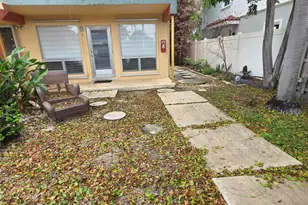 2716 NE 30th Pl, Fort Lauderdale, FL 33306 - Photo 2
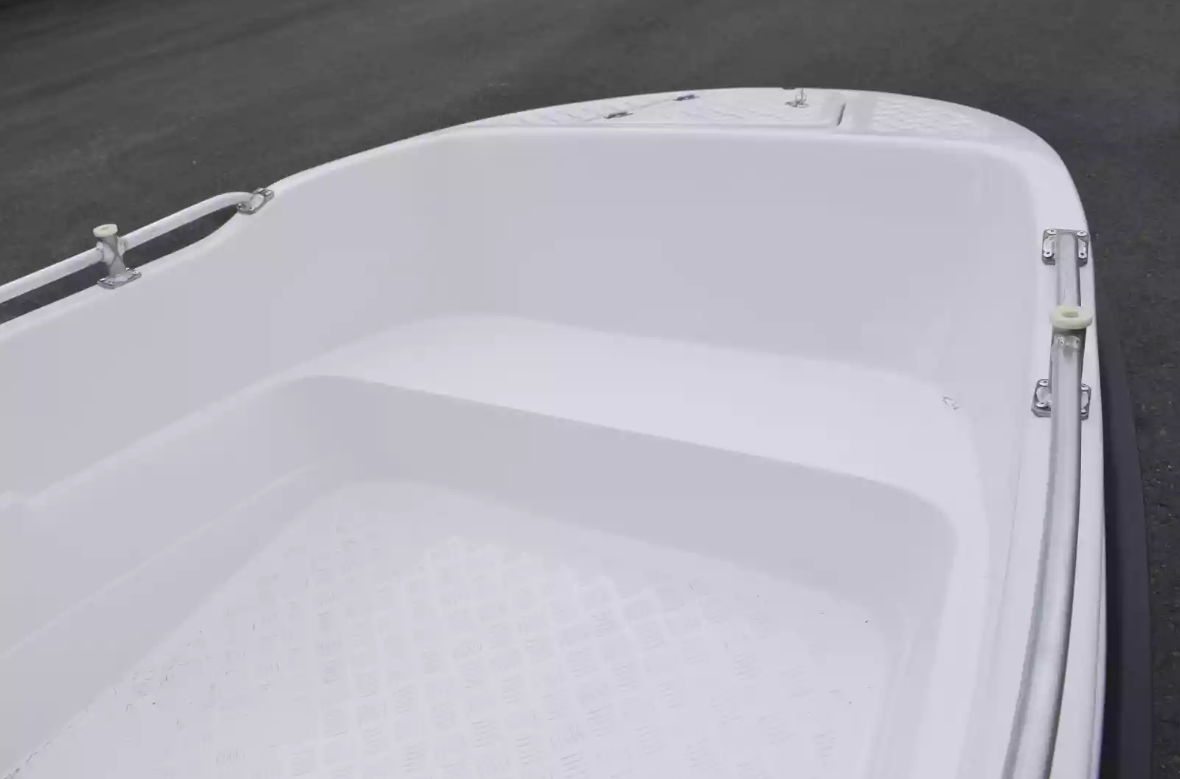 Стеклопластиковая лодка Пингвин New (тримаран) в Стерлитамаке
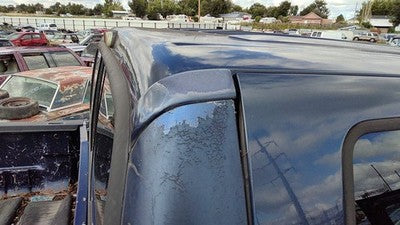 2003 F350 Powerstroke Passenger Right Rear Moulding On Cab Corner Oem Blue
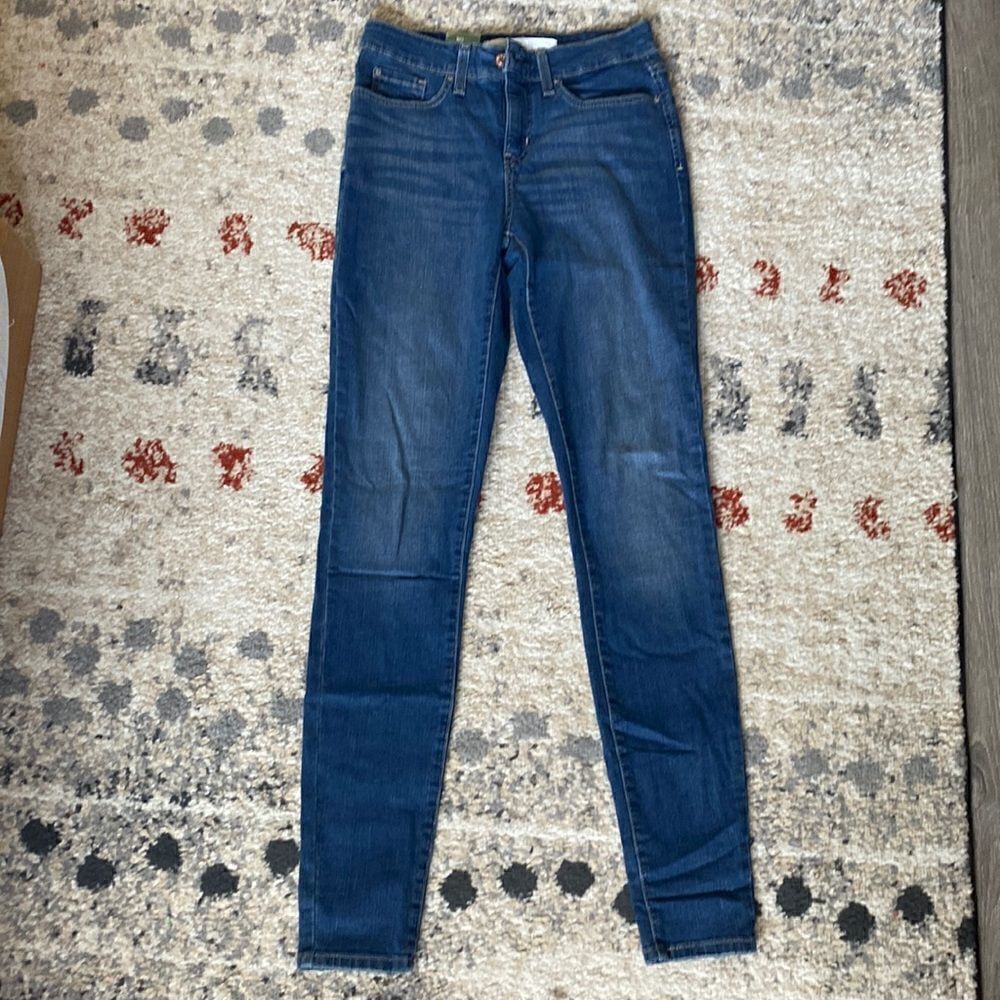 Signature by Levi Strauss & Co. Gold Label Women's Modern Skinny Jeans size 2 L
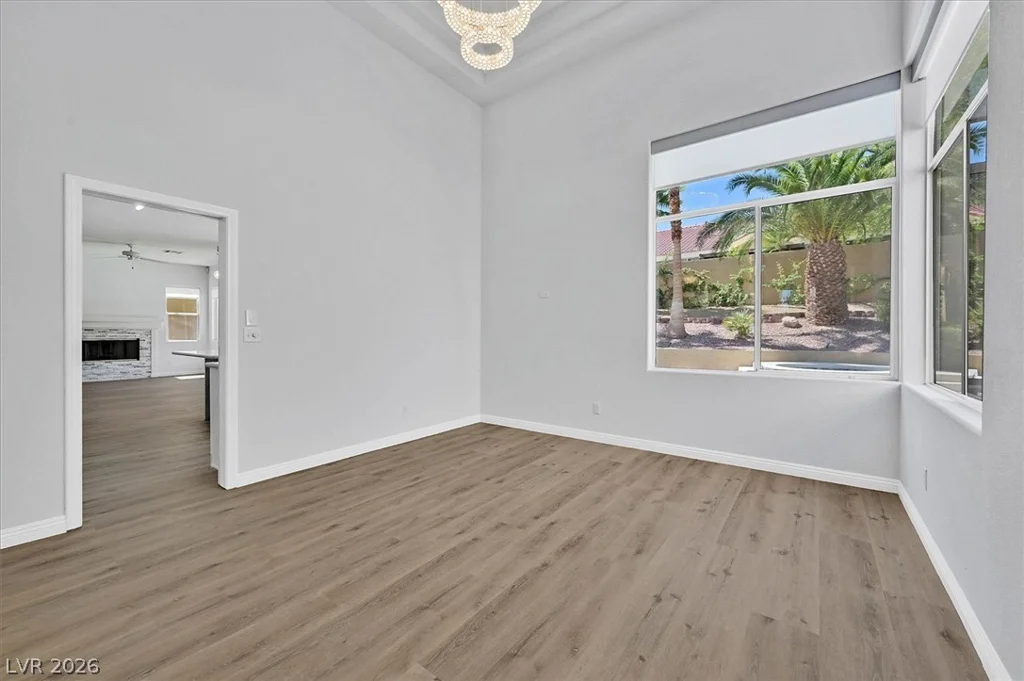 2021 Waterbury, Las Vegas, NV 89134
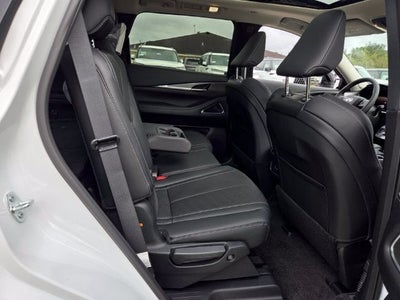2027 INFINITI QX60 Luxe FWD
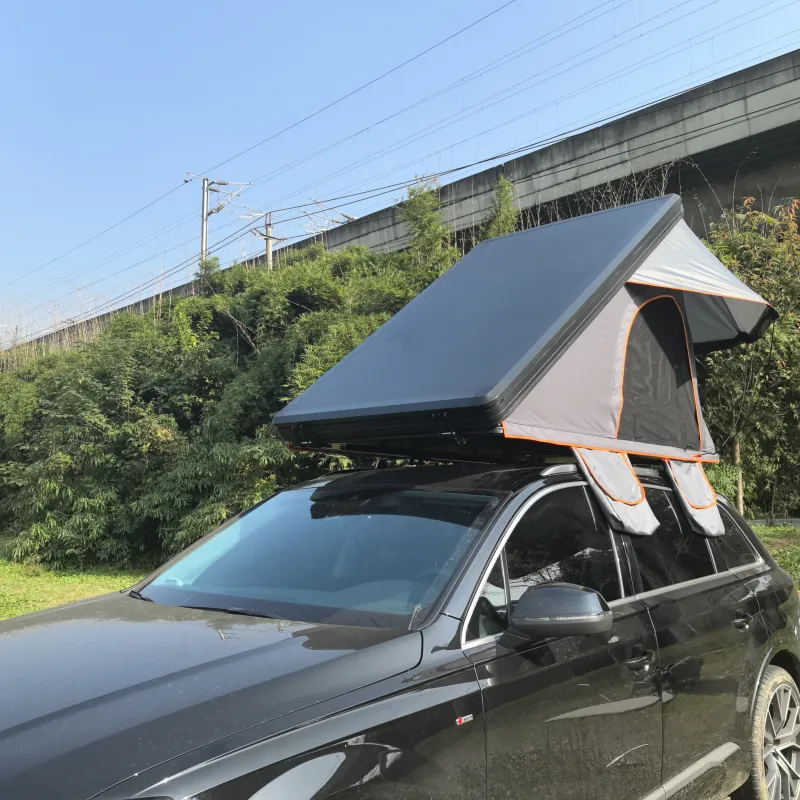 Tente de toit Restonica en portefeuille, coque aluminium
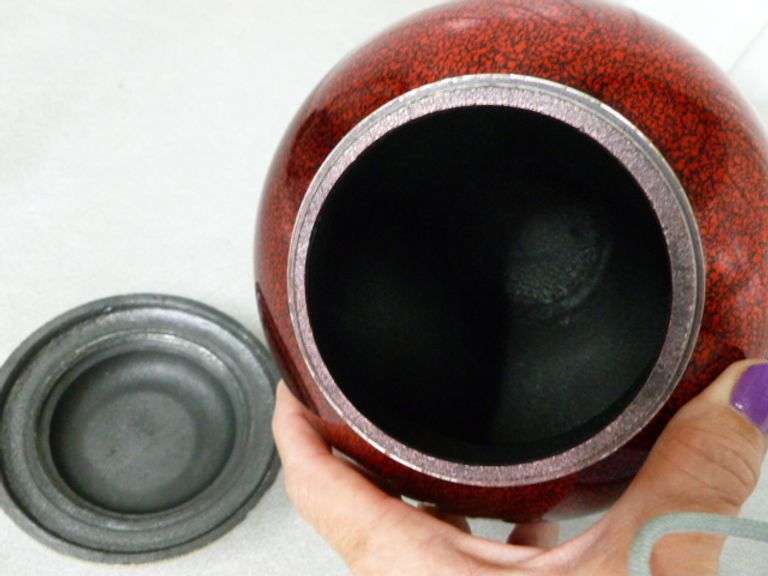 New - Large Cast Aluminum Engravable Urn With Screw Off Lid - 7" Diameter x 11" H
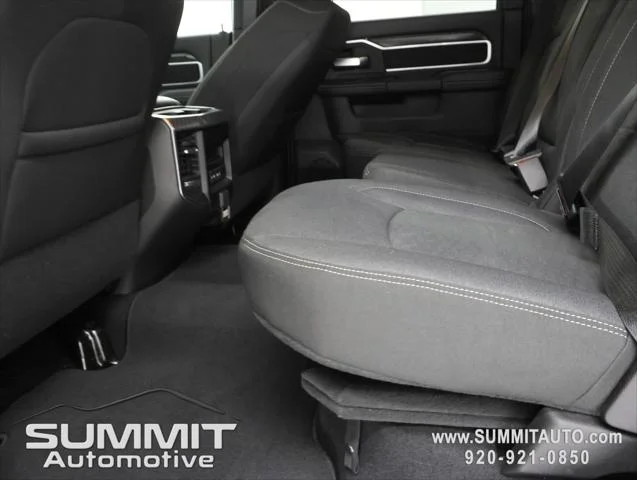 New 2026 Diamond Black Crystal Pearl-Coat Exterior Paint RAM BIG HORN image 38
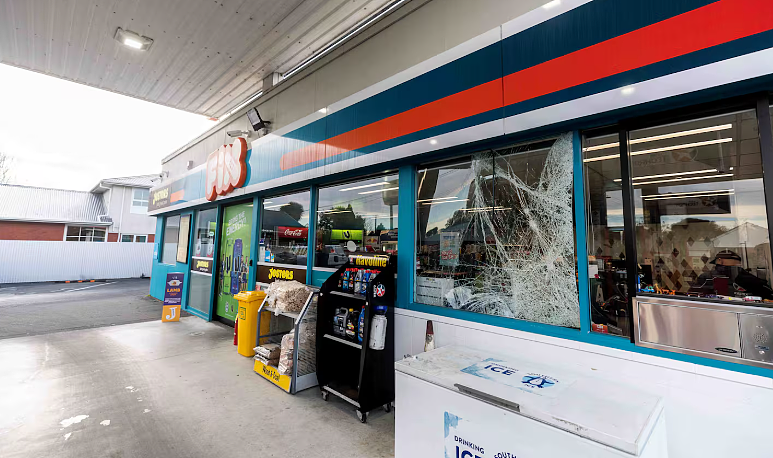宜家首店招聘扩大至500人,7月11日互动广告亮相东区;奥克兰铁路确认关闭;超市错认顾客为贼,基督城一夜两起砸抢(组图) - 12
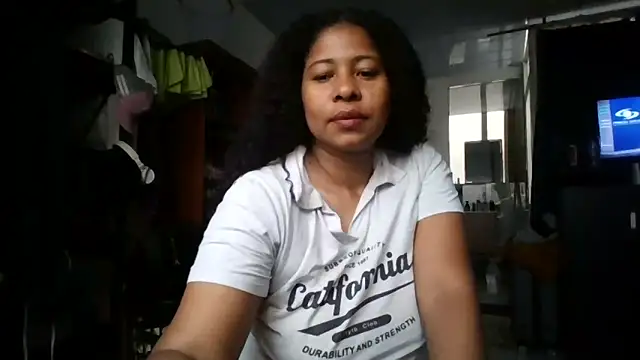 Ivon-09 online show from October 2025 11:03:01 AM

== == ==

• **TASK OBJECTIVE**
Text only, please: give the listing again word for word with no images.

• **FINISHED EXERCISE**
 2716 NE 30th Pl, Fort Lauderdale, FL 33306 - Photo 2
 Стеклопластиковая лодка Пингвин New (тримаран) в Стерлитамаке
 2003 F350 Powerstroke Passenger Right Rear Moulding On Cab Corner Oem Blue
 Signature by Levi Strauss & Co. Gold Label Women's Modern Skinny Jeans size 2 L
 2021 Waterbury, Las Vegas, NV 89134
2027 INFINITI QX60 Luxe FWD
 Tente de toit Restonica en portefeuille, coque aluminium
 New - Large Cast Aluminum Engravable Urn With Screw Off Lid - 7" Diameter x 11" H
 New 2026 Diamond Black Crystal Pearl-Coat Exterior Paint RAM BIG HORN image 38
宜家首店招聘扩大至500人,7月11日互动广告亮相东区;奥克兰铁路确认关闭;超市错认顾客为贼,基督城一夜两起砸抢(组图) - 12
 Ivon-09 online show from October 2025 11:03:01 AM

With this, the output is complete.